Of course, you can lose if the £1120 you get back isn't able to buy as many loaves of bread or litres of petrol or bottles of beer or months of rent, in late 2014, as the £1000 did when you first invested in late 2008.
You are right they are not going to guarantee a 12% return per year as their bare minimum return, because that would compare with the 3-4% per year he could have got by putting money in an interest-bearing bank account, and would be a ridiculous high return for zero risk.
However, there might well be a guarantee level of 12% total i.e. £1 becomes £1.12. If they do pay out the £1.12, it represents about a 1.9% annual return (i.e. a savings account that paid 1.9% and let you reinvest the interest every year, would compound up to 12% after 6 years). That was quite a low and affordable guarantee to offer at the time (interest rates were generally higher then).
Of course, there may be some small print that sets out a reason why this 12% is a target rather than a guarantee and they may be able to avoid even having to pay out the 12% if certain events occurred during the life of the investment. For example, a massive dip in the stock market somewhere along the way which exceeded the level of insurance they bought to use as a guarantee. But whether or not there is a guarantee and under what conditions it paid out, would be in the documentation.
You seem confused about what the 'friend' has. The details will be in the scheme document they published at the time. It is completely possible that they guaranteed some low level of interest (i.e. the 1.9% turning into 12%) which was much lower than the banks were paying out for savings accounts at the time. So you can't say "there is a guarantee of 12%" and then say "there was no guarantee with this things was there". That is two separate contradictory statements. Products with a minimum return of nil would have been available from some providers and products with a minimum return of 12% total could have been available from other providers. Also, stock market linked products with a minimum return of nil might have had a maximum return of 12% per year. A product can be structured to give you all kinds of potential outcomes.
If there wasn't a guarantee of any kind, it wouldn't have been a very attractive product, would it? So I expect there is one. Whether it is 12% or zero %, the documentation that came with the investment will say. If he doesn't have the documentation, he could ask the provider, or simply wait and see what happens when it matures shortly.
You mention he gets his money back if the index falls and and then separately mention he might get a guaranteed minimum small positive return if the index falls.
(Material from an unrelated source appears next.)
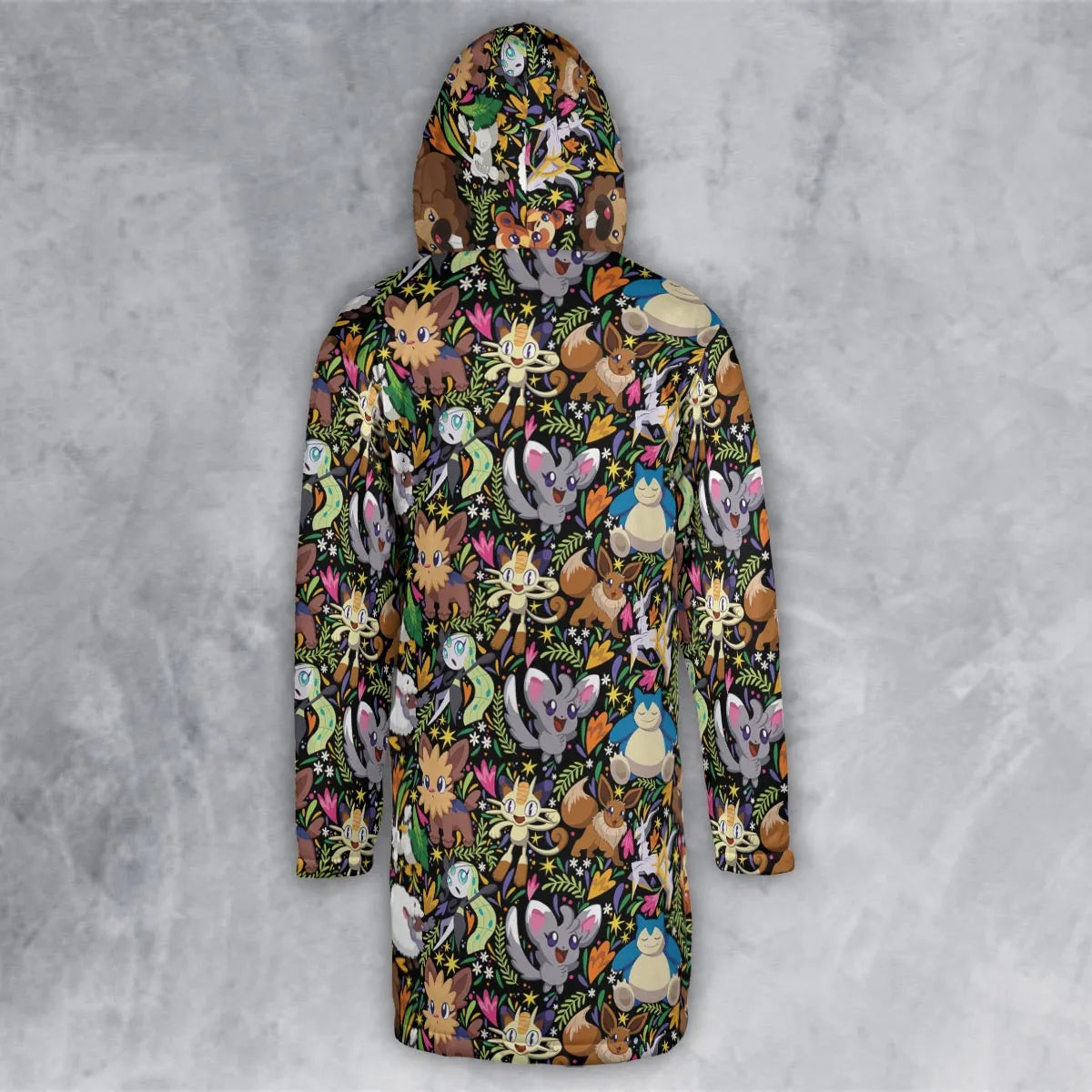 Hooded Cloak Coat - MPQKJ7BW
We don't know which one of those he will get because we don't have the L&G product document. But what we can probably say with certainty is that if the index rises he won't get the whole of the stock market growth, he will just get something related to the change in the index value.
If the product is structured to give some security against downside risk, and also presumably the product provider makes some management fee out of it, then they can't possibly afford to give the whole of the stock market growth, because putting in place the guarantees will have cost them some money. So what it might do is give the whole of the capital index growth (e.g. the capital value of the FTSE index rising from 5000 to 6900 is almost 40%) but not also the dividends that would have been received of about 3% every year.
In other words, the proper total return (growth) of the stock market would assume dividends are reinvested. But the growth they usually use for these calculations is typically just the simple change in the index.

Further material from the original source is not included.